We advise you to look at these for guidance on what your server should rougly expect as requests from the user and what responses it should send back.
Grading & Testing
Compilation
We have supplied you with a Makefile
that can be used for compiling your code into an executable.
You may need to resolve any compiler warnings and compiler errors that show up. Once all compiler errors have been resolved, if you ls
in the terminal, you should be able to see an executable called test_suite
. You can then run this by typing in ./test_suite
to see the evaluation of your code.
Note that your submission will be partially evaluated on the number of compiler warnings. You should eliminate ALL compiler warnings in your code
Valgrind
We will also test your submission on whether there are any memory errors or memory leaks. We will be using valgrind to do this. To do this, you should try running:
valgrind --leak-check=full ./test_suite
If everything is correct, you should see the following towards the bottom of the output:
==1620== All heap blocks were freed -- no leaks are possible
==1620==
==1620== For counts of detected and suppressed errors, rerun with: -v
==1620== ERROR SUMMARY: 0 errors from 0 contexts (suppressed: 0 from 0)
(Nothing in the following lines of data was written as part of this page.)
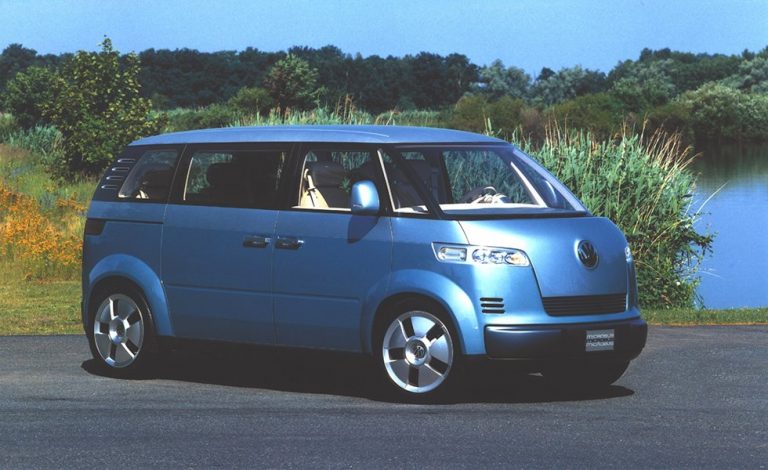Los mejores prototipos de Volkswagen comerciales del 2000 hasta hoy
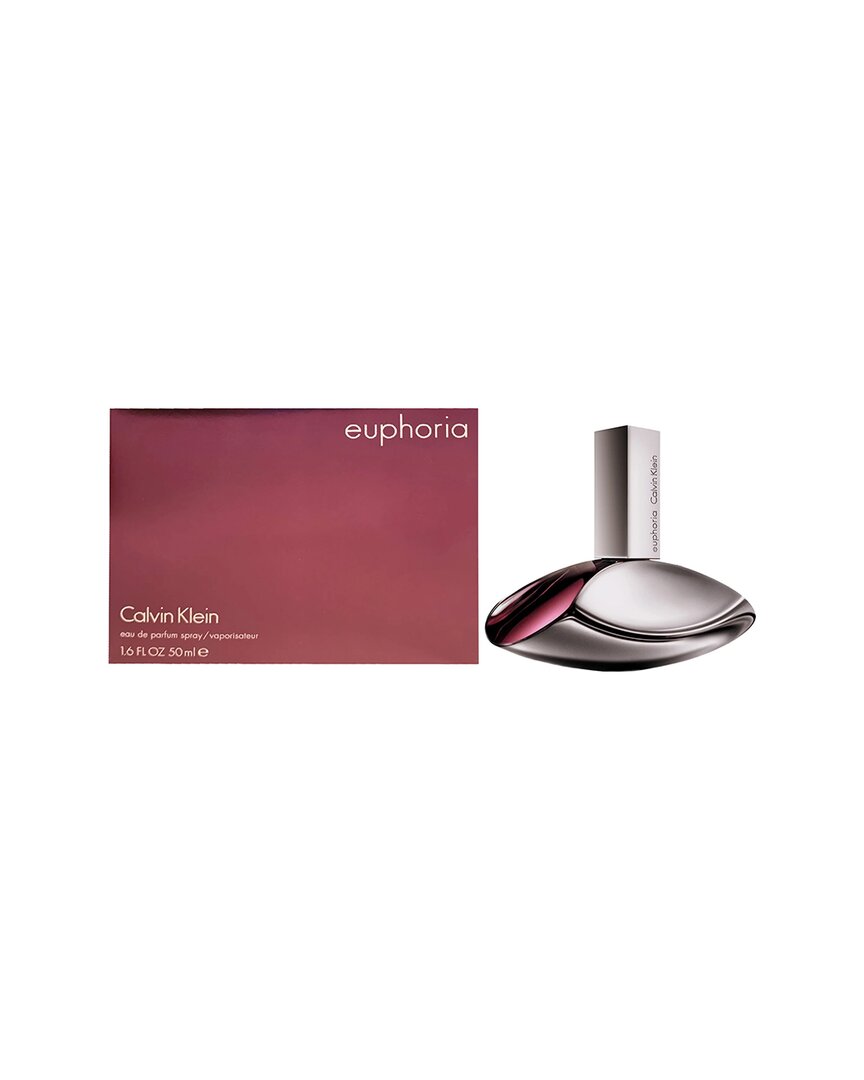 Calvin Klein Women's 1.6oz Euphoria Edp Spray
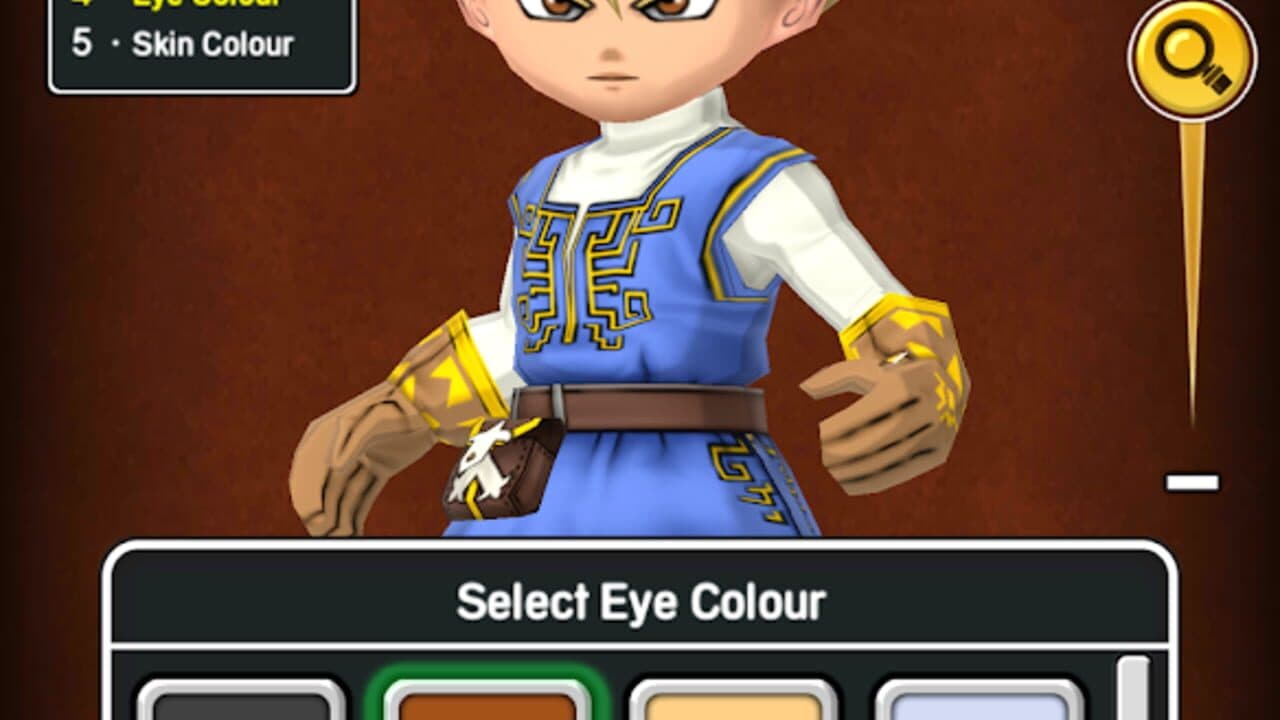 Dragon Quest of the Stars screenshot 1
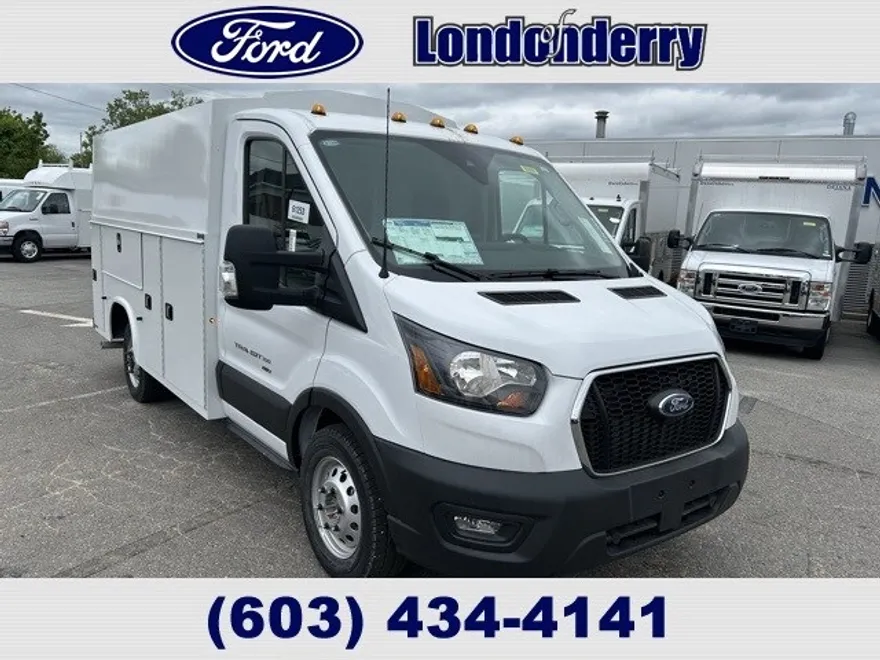 2024 Ford Transit photo 1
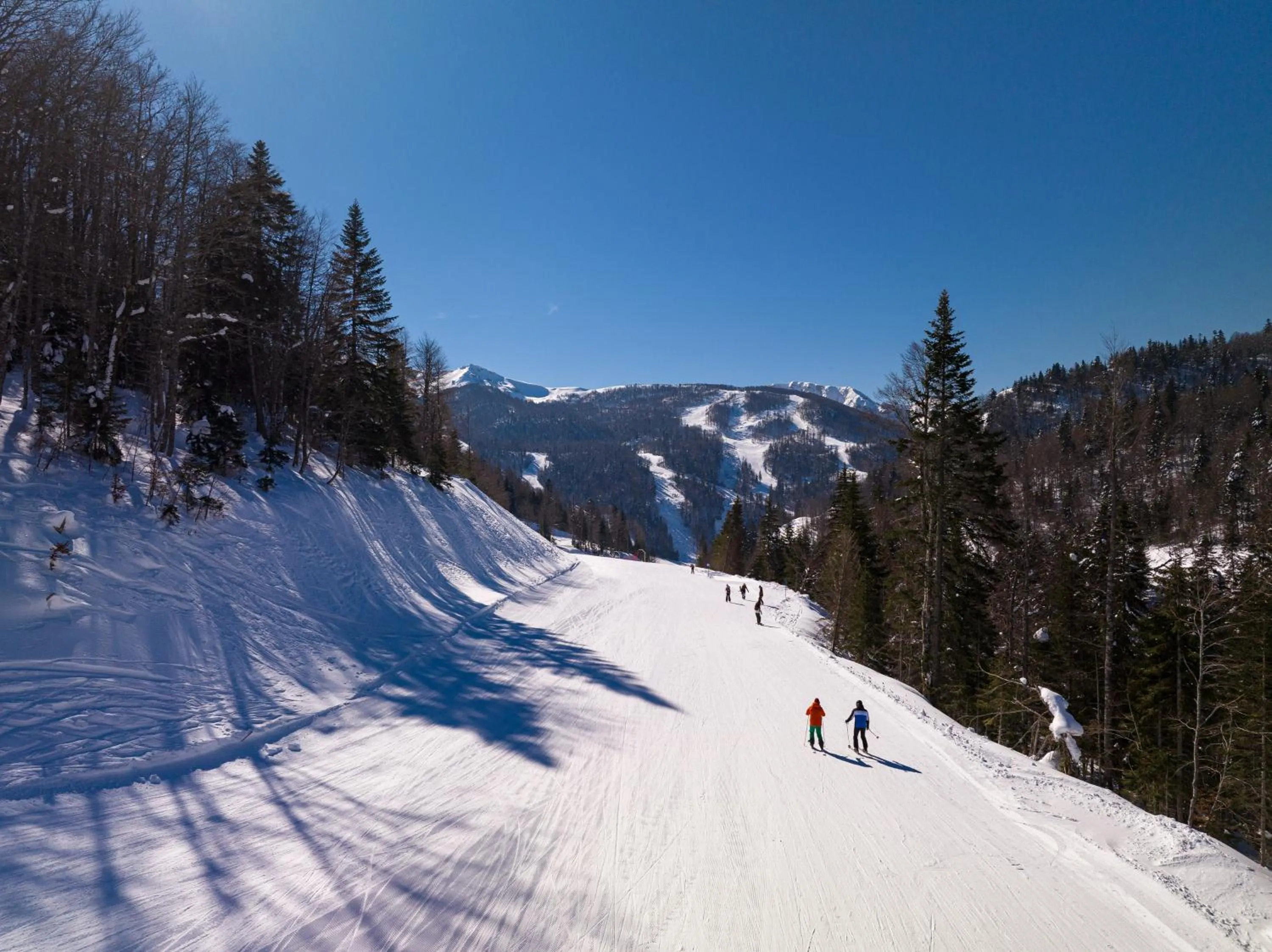 Day in Swissôtel Resort Kolasin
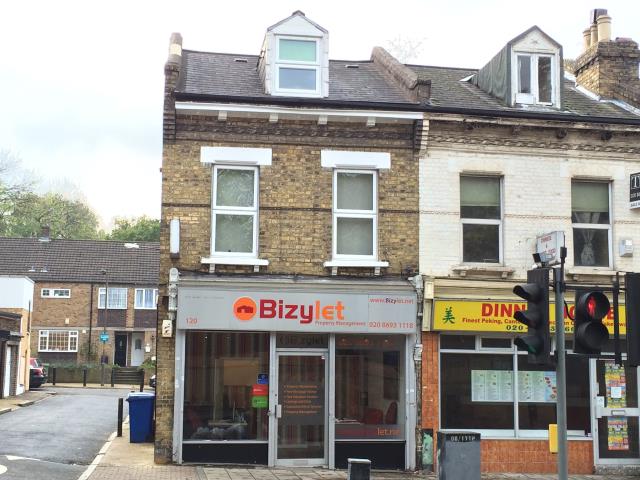 Photo of lot 120 Forest Hill Road, East Dulwich, London SE22 0RS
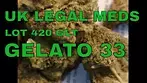 UK LEGAL MEDS: LOT 420 GLT
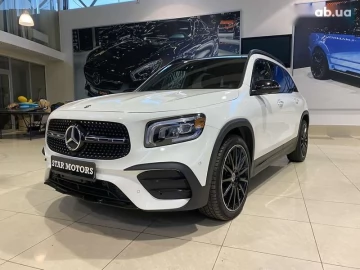 Авто Mercedes Glb-Класс 2020 № 7727063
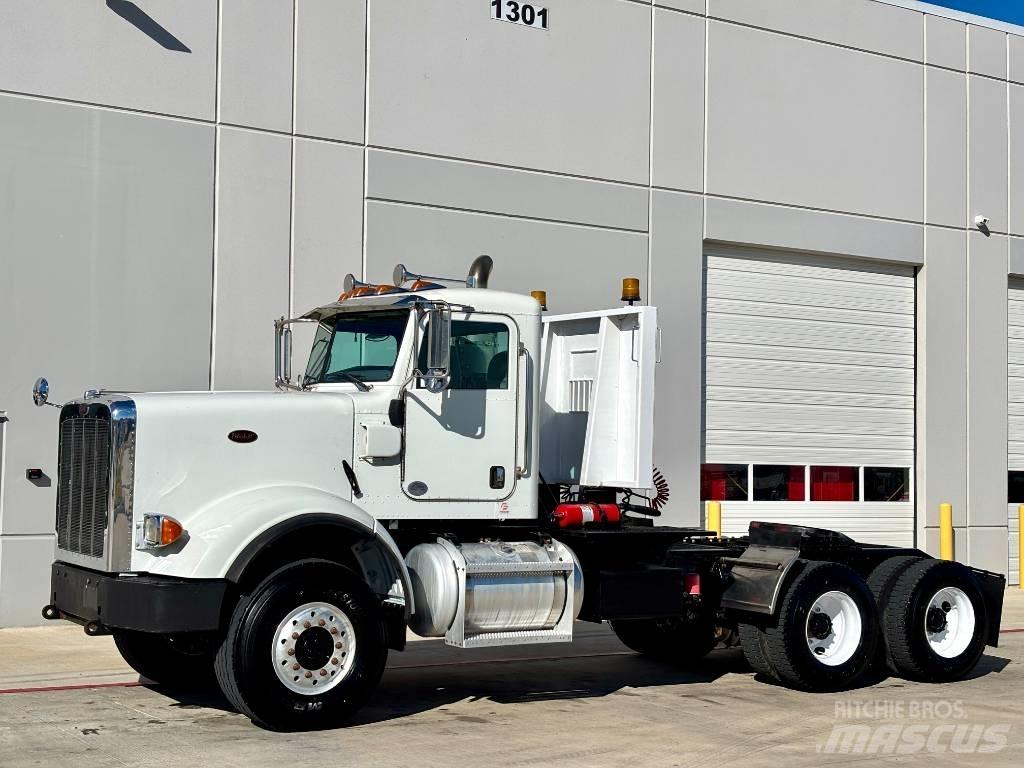Peterbilt 367 Conventional Trucks / Tractor Trucks
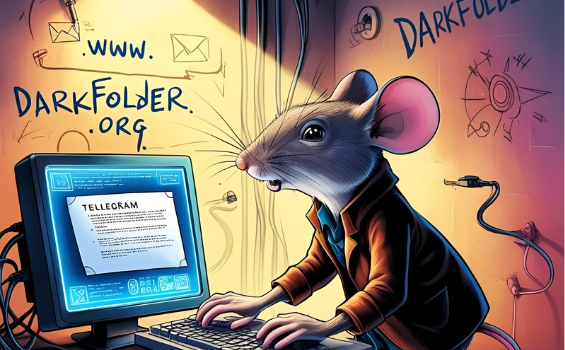 Telegram Rat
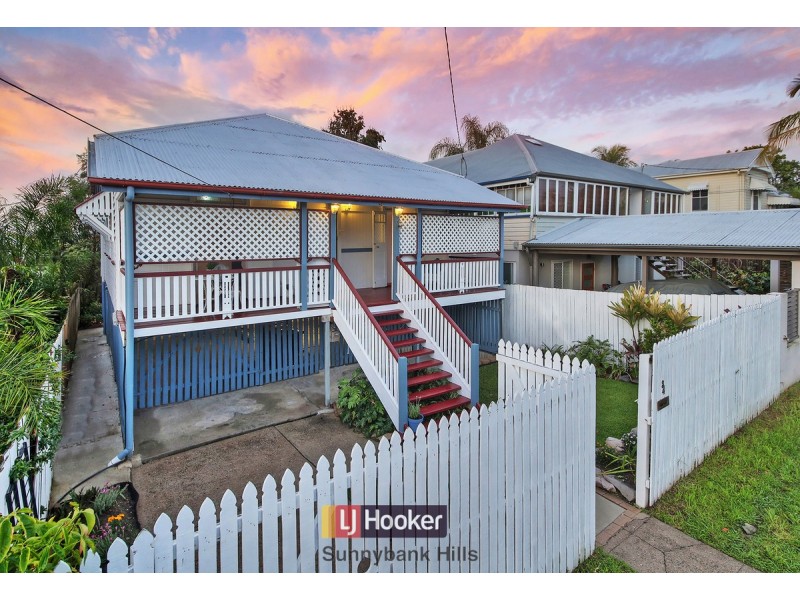 34 Vine Street, Greenslopes QLD 4120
If you do not see something similar to the above in your output, valgrind will have printed out details about where the errors and memory leaks occurred.
Note that you should avoid memory errors in your HttpServer.cc but there isn’t a good way to test this since we can’t make the server exit gracefully. As a result, you do not need to test valgrind on the ./httpd
binary.
Catch2
As with previous homework assignments, you can compile the your implementation by using the make
command. This will result in several output files, including an executable called test_suite
.
After compiling your solution with make
, You can run all of the tests for the homwork by invoking:
./test_suite
You can also run only specific tests by passing command line arguments into test_suite
For example, to only run the HttpConnection tests, you can type in:
./test_suite [Test_HttpSocket]
Note: you may have to type ine ./test_suite \[Test_HttpSocket\]
for it to work.
If you only want to test write_respons
e from HttpSocket
, you can type in:
./test_suite [Test_HttpSocket] write_response
You can specify which tests are run for any of the tests in the assignment. You just need to know the names of the tests, and you can do this by running:
./test_suite --list-tests
These settings can be helpful for debugging specific parts of the assignment, especially since test_suite
can be run with these settings through valgrind
and gdb
!
SearchServer Testing
Note that a big part of the assignment is completing the last part, searchserver
. To test your server you should be able to follow instructions laid out elsewhere in the specification on how to run your server, connect to it via a browser and it should behave as expected during the demo in lecture.
We just want to emphasize that passing the test_suite
does not mean you are done with the assignment. You need to do the last part of the assignment still.
Submission:
Please submit your completed files FileReader.cpp
, WordIndex.hpp
, WordIndex.cpp
, CrawlFileTree.cpp
, ServerSocket.cpp
, HttpSocket.cpp
, HttpUtils.cpp
, Makefile
, searchserver.cpp
and any other files you created to Gradescope
Each individual in a group must submit the code to gradescope.